Evaluation of the TIME with digital cytometry
The composition of immune infiltrates in the TIME was evaluated by digital cytometry via CIBERSORTx using the LM22 signature matrix with batch correction. The T-cell infiltration score was constructed from the CIBERSORTx CD8 T Cells score. The general TIME score used in Kaplan–Meier plotting was calculated as the linear combination of the therapeutic target, T-cell response, and TLS formation. CIBERSORTx T-follicular helper cell estimates were reused for MHC reliance analyses to corroborate the effect of SNPs associated with higher T-follicular helper cell infiltration. The TLS gene expression signature was generated from a set of TLS-related genes reported by Cabrita and colleagues (52) and Sautès–Fridman and colleagues (CCL19, CCL21, CXCL13, CCR7, CXCR5, SELL, LAMP3, CETP, RBP5, AICDA, BCL6, CCR6, and CD79B; 53) using the method put forth in Cabrita and colleagues (52), in which mean gene expression of key genes upregulated in TLS was calculated. CD4+ and CD8+ T-cell infiltration estimates were calculated using CIBERSORTx, in which the CD4/CD8 ratio was defined using “T-cell CD4 memory activated” + “T-cell follicular helper” infiltration divided by “T-cell CD8” infiltration categories. Only patients in the top two tertiles of CD8+ T-cell infiltration were included in direct CD4/CD8 ratio comparison analysis to remove patients with zero or very low levels of immune infiltrates.
SHAP feature importance and feature interactions
Feature importance and interaction within nonlinear models were calculated using the SHapley Additive exPlanations (SHAP) machine learning interpretability suite (https://shap.readthedocs.io/en/latest/). SHAP is a unified approach to explain the output of any machine learning model. It is based on cooperative game theory and the concept of Shapley values. SHAP values assign each feature an importance value for a particular prediction in the context of a specific model. These values allow for nonlinear interactions between features to be accounted for on a per-patient basis, and they also allow us to rank pairwise feature interaction by magnitude. Each model was run through the standard SHAP python pipeline and the feature importances were recorded. For the composite model, feature interaction analysis was performed as well using the shap_interaction_values function.
PHBR score pipeline
Originally developed by Marty and colleagues (54, 55), the PHBR score is a measure of how well a given neoantigen is presented by the MHC based on computationally derived binding affinities between all possible peptides harboring the mutation and a patient’s set of HLA alleles. A detailed description can be found in the original publication (54). For each patient, all single nucleotide variant mutations were given an MHC-I PHBR score and an MHC-II PHBR score representing presentation by class-I and class-II, respectively.

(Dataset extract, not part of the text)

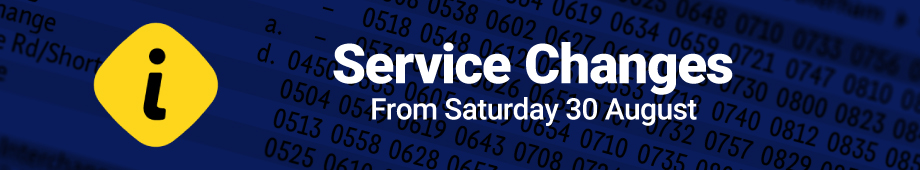 August service changes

A neoantigen was considered to be well presented by MHC-I with a PHBR score ≤2 and well presented by MHC-II with a PHBR score ≤10 (56). Class-I HLA alleles were called using POLYSOLVER (v1.0.0; ref. 16) with default parameters, and Class-II HLA alleles were called using HLA-HD (v1.4.0; ref. 57) with default parameters.
MHC reliance stratification
Patients were stratified by the ratio of the total number of neoantigens well presented by MHC-II divided by the total number of neoantigens well presented by MHC-I. A patient was only considered for analysis if they had at least three mutations well presented by both MHC-I and MHC-II. Neoantigens that were both well presented by both MHC-I and MHC-II were not considered in this ratio. These ratios were divided into tertiles and defined as follows: the lowest tertile was MHC-I-reliant, the middle tertile was balanced, and the highest tertile was MHC-II reliant. To select for patients with MHC II–based immune responses, MHC II–reliant patients with no evidence of MHC-I damage or loss of heterozygosity were excluded.

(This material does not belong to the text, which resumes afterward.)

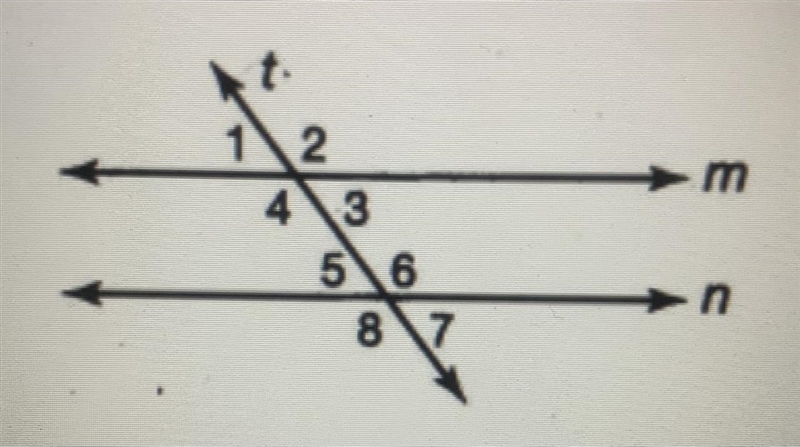 Which names a pair of vertical angles?-example-1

TCGA immune infiltration analysis
Tissue types matching those from our analysis (melanoma, renal cell carcinoma, non–small cell lung carcinoma, head and neck squamous cell carcinoma, and urothelial/bladder cancer) were pulled from TCGA: LUAD, KIRC, SKCM, HNSC, BLCA, KICH, KIRP, and LUSC (see ICB and TCGA datasets). Stage II–IV cancers were analyzed to better match our ICB cohorts. Poorly infiltrated tumors were dropped from the analysis to ensure that cancers analyzed from TCGA were at least somewhat infiltrated by lymphocytes. To achieve this, we calculated the ImmunoScore (58), for all patients, and the bottom tertile (most poorly infiltrated) patients were dropped from the analysis. CD4/CD8 T-cell ratios were calculated in an identical manner as the ICB cohorts. Similarly, MHC reliance groupings were generated identically as in ICB discovery and reliance cohorts.
TCGA tumor intrinsic MHC-II expression estimates
We estimated tumor intrinsic MHC-II expression by adjusting HLA DRB1 expression in the same cancer types and stages as the above section (see “TCGA immune infiltration analysis”). HLA DRB1 expression levels were corrected for inter-patient variation in immune infiltrates by multiplying by tumor purity fraction and 1 minus the sum of relative infiltration of professional antigen-presenting cells and CD4+ T cells, as measured by CIBERSORTx. We adjusted for the following canonical MHC-II expressing cell types in the CIBERSORTx LM22 matrix: B cells, CD4+ T cells, macrophages, and dendritic cells.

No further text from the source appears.